The output of a 3D filter with the color image is a 2D matrix.
The depth of a color image is 3 (for RGB channel) whilst for a greyscale image is 1.
A Convolutional layer has an activation layer that is always activated by a non-linear activation function. A linear function does not support learning as much as we require. Usually, this activation is ReLu that gives positive values for positive results and 0 for all negative results.
The Pooling Layer
In an Artificial NN, every node is connected to every other node making it several parameters to learn. The pooling layer helps us to reduce these learning parameters to boost our learning time with the help of downsampling. To do so we need to pass two hyper-parameters:
Dimensions of a Spatial Extent:
The value of n for which we can take an n*n feature representation and map to a single value.
The number of features that the sliding window skips along with the height and width is called a stride. If you have larger strides then we skip large pixels between every two pools hence resulting in smaller volumes.
We have two functions for the output of a pooling layer:
a. Max Filter: Returns max value among the feature in the region.
b. Average Filter: Returns the average of the values in the region.
The depth of the image remains unchanged after pooling. It reduces the chances of over-fitting as there is less number of parameters.
The padding becomes an important aspect to learn here. The padding adds an extra layer along the sides of the image. When we pool our image, it happens that some columns or rows are visited more times whilst those along the edges are visited a lesser number of times. So along the edges, we add a layer of padding (values usually zero) so now if the columns and rows along the edges are visited less, it does not matter as we will have relevant information stored next to these columns and those columns will be visited more.
The convolution and pooling happen together and before we reach the next layers, convolution and pooling have already happened many times before.
Now the output of a pooling layer is a 3D feature map because, as said above, the depth remains unchanged all this time. This output goes input to the next set of hidden layers. But for a fully connected layer that is the end layer we need the input to be 1D. So that's what a flattening layer does. It will convert a 3D feature to a 1D dataset.

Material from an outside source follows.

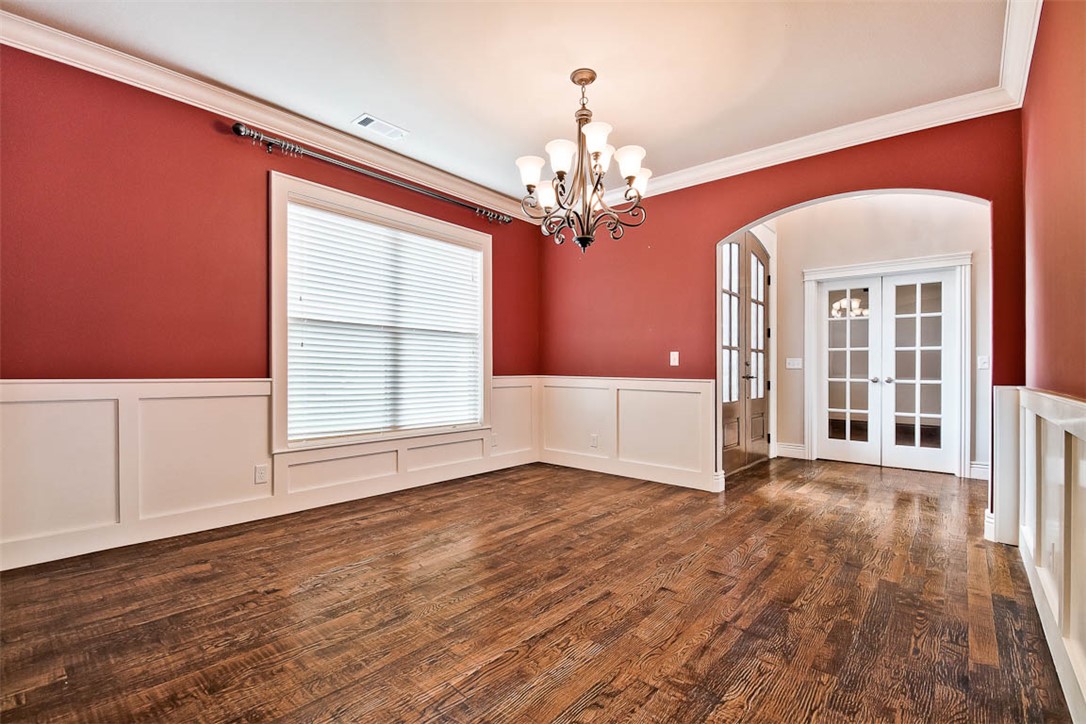 Oak Tree - Residential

Like an output of 32 filters along 13 height pixels and 13 width pixels can be converted as:
13*13*32 à 5408*1
This is a single vector. From here every neuron is connected to every other neuron of the next layer. And here it becomes fully connected layer to the output layer.
The output layer
The output layer is supposed to have as many output neurons as many unique outputs we can get. For example, if we have 2 outputs: a cat and a dog, so we can have 2 outputs. An image with both a cat and a dog in it will get respective weights in the output layer. If the answer has to be yes or no then even a single neuron can work in that case as shown in the figure.

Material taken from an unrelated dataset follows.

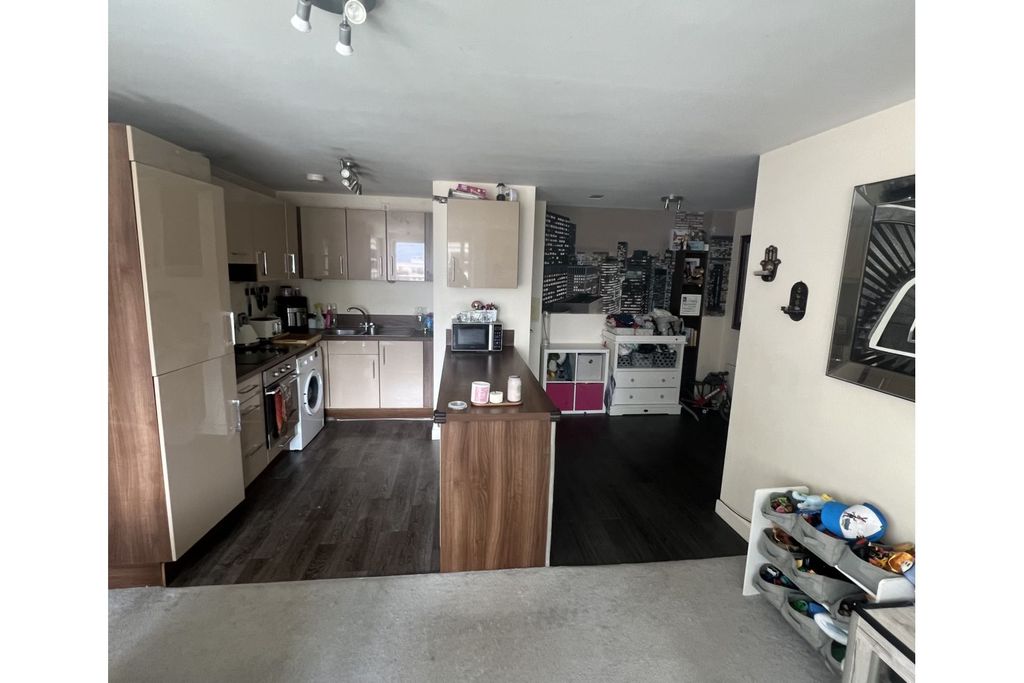 Property photo 2 of 11 Kitchen/Diner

However, if we want several animals to be distinguished then we need more output neurons. If a zoo has 50 unique animals then we need 50 neurons in the output layer. Just like the figure down below. The output has a range of things including sunset and other animals.
This convolution NN has hidden layers in them with 'softmax' activation for the last hidden layer.

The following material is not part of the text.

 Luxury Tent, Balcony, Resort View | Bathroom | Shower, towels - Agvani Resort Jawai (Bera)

CNN looks at pixels in context; it can learn patterns and objects and recognizes them even if they are in different positions on the image.
So now your network is also capable of distinguishing between a black tie and red shoes. You can now even click images of real objects and ask CNN to detect what the object name is.
At the end, CNN may look like this one. A series of convolution and pooling layer results in a matrix that can be flattened to get the best predictions.
The accuracy and precision for this might be a little tricky but it'll give you some results. Always remember to reshape your images as per your CNN to avoid errors.